The stuff that `zope.interface` gets you is honestly on the... heavy side of what I think makes sense for a lot of scenarios (especially in Python). Which would explain it's relatively low uptake despite having been around for like... 15-20 years??
I haven't used `typing.Protocol` yet (I am mostly still working in 3.7), but it seems to roughly capture the level of 'heaviness' that seems workable.
I do get your gist though. Sometimes I wonder what I'm doing type annotating stuff.
You can use it if you install the typing-extensions package: https://pypi.org/project/typing-extensions/
I have to say, I despise trying to decipher untyped functions. This arg is called "order" - do you want an instance of Order, an order ID, or a function for sorting?
Fine, I'll read the docstring. Instead of using the IDE.
as for other stuff (web-servers, what not), I don't think python can beat kotlin / typescript / etc
Situations where you don't want the heavy-weight and complex JVM.
Cases where you need to interact with C/C++ code a lot (ML, etc.).
Companies where python is the norm and introducing another language adds a lot of overhead.
Edit: Okay I see the original guy stated Java. It is what it is. The real useful answer is to just use any other typed language, and not use Python.
I personally would be hesitant to adopt something depending on some not-well-known library.
Then on the other side, if sth like interfaces are missing in core Python, and typing.Protocol is not quite the same thing, maybe we should try to extend the core typing for sth like typing.Interface? Or maybe first to typing_extensions.
Or, as I understood it, maybe we just need to fix ABCMeta (for MyPy), and then already have what we want?
I'm also not quite sure I understood: Why do I need this base class zope.interface.Interface at all? Why not just implement IPlugin or whatever like it is mentioned there, but not deriving from Interface, and throw NotImplementedError in methods (tools like PyCharm then recognize this is an abstract method). And all concrete types/classes just explicitly need to derive from this IPlugin class. That's mostly what I anyway do already, and what I also see in other projects code. This approach seems to be fine. What's the problem with it?

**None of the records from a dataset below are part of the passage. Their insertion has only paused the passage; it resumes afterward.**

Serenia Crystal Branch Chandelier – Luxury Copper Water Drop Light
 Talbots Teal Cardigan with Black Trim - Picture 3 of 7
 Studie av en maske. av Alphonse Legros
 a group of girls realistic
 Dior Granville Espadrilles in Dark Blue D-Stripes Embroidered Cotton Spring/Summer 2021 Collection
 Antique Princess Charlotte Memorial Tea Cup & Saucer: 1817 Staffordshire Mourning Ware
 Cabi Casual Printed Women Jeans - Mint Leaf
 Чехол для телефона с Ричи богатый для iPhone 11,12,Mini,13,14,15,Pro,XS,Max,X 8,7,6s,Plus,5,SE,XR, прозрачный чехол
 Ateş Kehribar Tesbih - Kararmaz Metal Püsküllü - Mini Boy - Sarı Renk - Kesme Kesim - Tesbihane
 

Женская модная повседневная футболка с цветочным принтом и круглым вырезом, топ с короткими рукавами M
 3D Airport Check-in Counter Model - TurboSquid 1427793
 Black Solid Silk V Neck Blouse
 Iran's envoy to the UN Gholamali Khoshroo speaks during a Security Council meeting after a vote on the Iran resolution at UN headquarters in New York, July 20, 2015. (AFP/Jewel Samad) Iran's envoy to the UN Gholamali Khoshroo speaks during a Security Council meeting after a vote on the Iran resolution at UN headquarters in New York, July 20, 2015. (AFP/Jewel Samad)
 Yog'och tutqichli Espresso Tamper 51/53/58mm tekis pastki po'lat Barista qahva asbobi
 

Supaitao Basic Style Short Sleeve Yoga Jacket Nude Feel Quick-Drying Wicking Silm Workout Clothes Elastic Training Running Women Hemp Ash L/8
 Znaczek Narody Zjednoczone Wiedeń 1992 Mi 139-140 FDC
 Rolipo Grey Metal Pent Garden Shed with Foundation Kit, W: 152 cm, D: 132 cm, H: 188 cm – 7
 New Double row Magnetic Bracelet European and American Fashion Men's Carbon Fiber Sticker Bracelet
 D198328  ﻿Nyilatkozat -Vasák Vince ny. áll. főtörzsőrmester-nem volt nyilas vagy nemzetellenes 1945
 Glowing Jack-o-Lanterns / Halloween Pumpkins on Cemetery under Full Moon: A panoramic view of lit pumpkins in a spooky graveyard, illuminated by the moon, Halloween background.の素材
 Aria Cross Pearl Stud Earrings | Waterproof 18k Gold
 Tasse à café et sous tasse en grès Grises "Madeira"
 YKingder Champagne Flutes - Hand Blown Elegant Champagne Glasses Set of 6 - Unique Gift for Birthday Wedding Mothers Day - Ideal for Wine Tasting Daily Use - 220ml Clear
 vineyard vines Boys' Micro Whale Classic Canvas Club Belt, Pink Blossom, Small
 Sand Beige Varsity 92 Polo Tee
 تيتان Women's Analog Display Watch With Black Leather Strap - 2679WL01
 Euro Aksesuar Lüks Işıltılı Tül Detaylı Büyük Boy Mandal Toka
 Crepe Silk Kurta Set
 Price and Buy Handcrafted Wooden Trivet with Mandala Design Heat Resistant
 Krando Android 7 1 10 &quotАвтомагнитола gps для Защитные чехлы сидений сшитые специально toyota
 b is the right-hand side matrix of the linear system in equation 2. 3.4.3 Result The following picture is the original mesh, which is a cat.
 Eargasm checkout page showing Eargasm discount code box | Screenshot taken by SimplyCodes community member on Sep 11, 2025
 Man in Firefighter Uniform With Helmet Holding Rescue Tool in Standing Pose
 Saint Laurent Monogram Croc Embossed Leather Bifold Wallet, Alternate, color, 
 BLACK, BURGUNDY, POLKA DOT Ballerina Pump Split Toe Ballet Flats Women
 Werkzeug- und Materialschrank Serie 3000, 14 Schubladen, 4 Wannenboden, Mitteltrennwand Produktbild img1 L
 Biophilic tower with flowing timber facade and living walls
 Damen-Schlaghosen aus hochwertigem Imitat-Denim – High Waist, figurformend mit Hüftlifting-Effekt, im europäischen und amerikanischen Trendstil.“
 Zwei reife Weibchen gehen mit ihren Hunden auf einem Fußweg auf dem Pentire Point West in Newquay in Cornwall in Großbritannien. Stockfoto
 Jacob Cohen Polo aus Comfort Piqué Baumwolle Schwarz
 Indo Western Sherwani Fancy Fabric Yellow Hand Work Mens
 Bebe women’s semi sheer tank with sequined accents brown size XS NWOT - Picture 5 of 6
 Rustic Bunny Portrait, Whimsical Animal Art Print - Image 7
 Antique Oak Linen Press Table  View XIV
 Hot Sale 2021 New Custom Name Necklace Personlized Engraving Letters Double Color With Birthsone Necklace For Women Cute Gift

Which is to say, not widely.
That was around 15 years ago roughly from memory.
Zope and things build on top of it (Plone CMS e.g.) was fairly popular in the early-mid 2000s and was in my opinion ahead of it's time in many ways. But also overkill for most projects.
[1] https://www.ukuug.org/events/linux2001/papers/html/SRichter/...
I discovered Zope in late 2000 while looking for an open source web application platform. Somehow I heard about Zope and thus learnt Python version 1.5.
Zope seemed to be on the cusp of greatness. The Zope conference in Paris in early 2001 was my first tech user group meeting. (Was anyone else reading this there?)
I stopped with Zope in 2003. Then 7 years later got a strange sense of deja vu at a bank I joined, where its trading platform used a Python object database possibly inspired by Zope's ZODB.